INFORMATION PROVIDED Block Start

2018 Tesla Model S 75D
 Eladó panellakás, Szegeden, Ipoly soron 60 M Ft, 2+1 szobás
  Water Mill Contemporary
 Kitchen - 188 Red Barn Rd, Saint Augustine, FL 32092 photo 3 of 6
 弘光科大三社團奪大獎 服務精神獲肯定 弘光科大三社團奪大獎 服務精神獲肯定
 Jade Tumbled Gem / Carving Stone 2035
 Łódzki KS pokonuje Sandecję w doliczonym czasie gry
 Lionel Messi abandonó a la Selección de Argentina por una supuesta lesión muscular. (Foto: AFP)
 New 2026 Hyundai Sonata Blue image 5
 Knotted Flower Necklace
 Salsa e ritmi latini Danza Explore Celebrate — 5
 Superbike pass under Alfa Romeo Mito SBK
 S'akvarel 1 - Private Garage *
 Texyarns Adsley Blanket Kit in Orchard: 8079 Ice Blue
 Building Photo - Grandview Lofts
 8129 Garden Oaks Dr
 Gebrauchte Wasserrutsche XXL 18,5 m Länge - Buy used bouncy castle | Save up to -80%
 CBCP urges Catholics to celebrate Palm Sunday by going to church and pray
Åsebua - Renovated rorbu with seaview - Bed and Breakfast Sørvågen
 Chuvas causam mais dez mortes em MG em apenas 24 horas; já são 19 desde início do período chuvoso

INFORMATION PROVIDED Block End

▸ WORK INSTRUCTION
Put down each entry again, unchanged and complete.

▸ ANSWER TO THE PROBLEM
2018 Tesla Model S 75D
 Eladó panellakás, Szegeden, Ipoly soron 60 M Ft, 2+1 szobás
  Water Mill Contemporary
 Kitchen - 188 Red Barn Rd, Saint Augustine, FL 32092 photo 3 of 6
 弘光科大三社團奪大獎 服務精神獲肯定 弘光科大三社團奪大獎 服務精神獲肯定
 Jade Tumbled Gem / Carving Stone 2035
 Łódzki KS pokonuje Sandecję w doliczonym czasie gry
 Lionel Messi abandonó a la Selección de Argentina por una supuesta lesión muscular. (Foto: AFP)
 New 2026 Hyundai Sonata Blue image 5
 Knotted Flower Necklace
 Salsa e ritmi latini Danza Explore Celebrate — 5
 Superbike pass under Alfa Romeo Mito SBK
 S'akvarel 1 - Private Garage *
 Texyarns Adsley Blanket Kit in Orchard: 8079 Ice Blue
 Building Photo - Grandview Lofts
 8129 Garden Oaks Dr
 Gebrauchte Wasserrutsche XXL 18,5 m Länge - Buy used bouncy castle | Save up to -80%
 CBCP urges Catholics to celebrate Palm Sunday by going to church and pray
Åsebua - Renovated rorbu with seaview - Bed and Breakfast Sørvågen
 Chuvas causam mais dez mortes em MG em apenas 24 horas; já são 19 desde início do período chuvoso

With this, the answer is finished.